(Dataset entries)

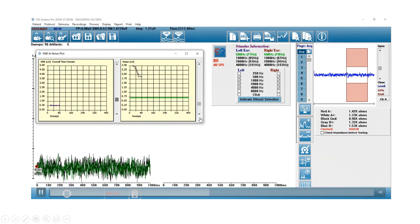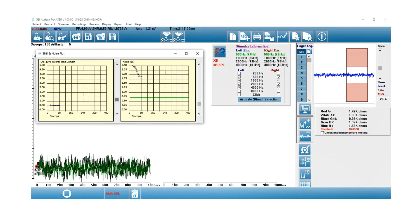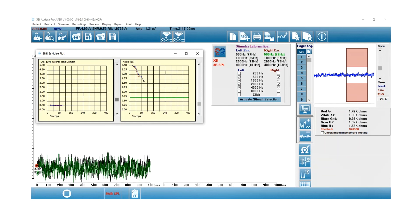If you look at the stimulus information under the left and right ear, you can see 500 hertz has turned green for both ears. When that happens, that indicates that a significant response has been obtained at that frequency.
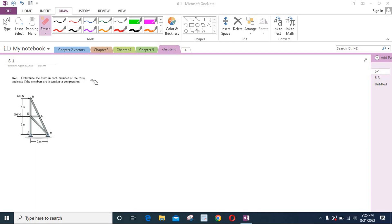To solve this problem, we will isolate each joint, draw the forces, and then apply the equations of equilibrium.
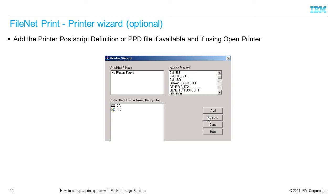In the Printer wizard, add the printer Postscript definition or PPD file if available and if using OpenPrinter.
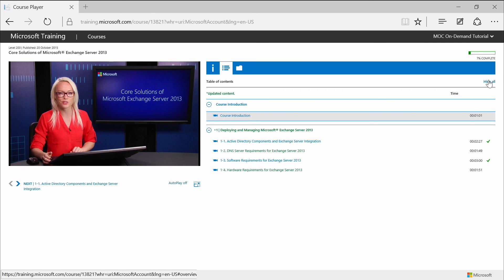Also note that some training courses may reference updated content in green text in the table of contents. So if you see a lesson title in green text, that lesson is new or has been updated. If you see a lesson title in green text that you have completed previously, you can go back to view the new content.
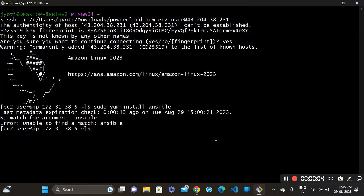Hi friends, welcome to our channel. Today we will learn how to install Ansible in Amazon Linux 2023. So let's start it.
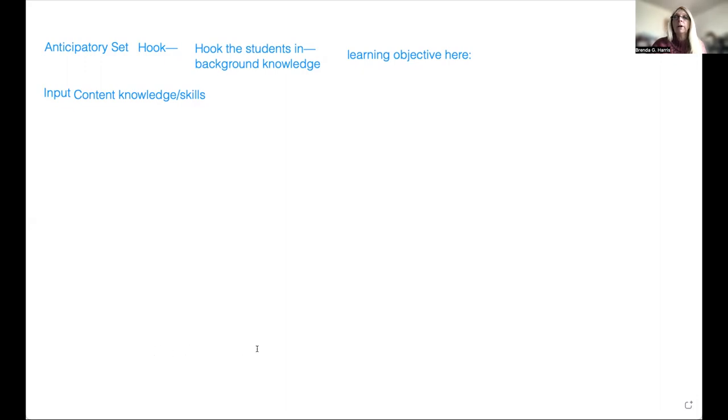After guided practice comes independent practice — students do it with no help. I can use this as my assessment: were they able to meet the learning objective? How do I know students actually learned? Then at the end it's important to wrap up with closure. Today we learned about this, this, and this — it's like a summary. It says closure is not necessarily an end point but a final checking for understanding. Sometimes you have to go back and do a little reteaching.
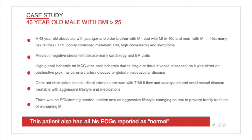Our patient today is a 43-year-old obese Caucasian male with a history of type 2 diabetes, hyperlipidemia, and presenting recurrent chest pain episodes prior to his first MCG test session. He has a long family history of early-onset heart attacks experienced by both of his parents, older and younger brothers, and close relatives.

**WORK REQUEST**
Retype exactly the lines from the line containing "To solve this" through the end of the entries above, including both ends, and leave every picture out.

**REPLY**
To solve this problem, we will isolate each joint, draw the forces, and then apply the equations of equilibrium.
In the Printer wizard, add the printer Postscript definition or PPD file if available and if using OpenPrinter.
Also note that some training courses may reference updated content in green text in the table of contents. So if you see a lesson title in green text, that lesson is new or has been updated. If you see a lesson title in green text that you have completed previously, you can go back to view the new content.
Hi friends, welcome to our channel. Today we will learn how to install Ansible in Amazon Linux 2023. So let's start it.
After guided practice comes independent practice — students do it with no help. I can use this as my assessment: were they able to meet the learning objective? How do I know students actually learned? Then at the end it's important to wrap up with closure. Today we learned about this, this, and this — it's like a summary. It says closure is not necessarily an end point but a final checking for understanding. Sometimes you have to go back and do a little reteaching.
Our patient today is a 43-year-old obese Caucasian male with a history of type 2 diabetes, hyperlipidemia, and presenting recurrent chest pain episodes prior to his first MCG test session. He has a long family history of early-onset heart attacks experienced by both of his parents, older and younger brothers, and close relatives.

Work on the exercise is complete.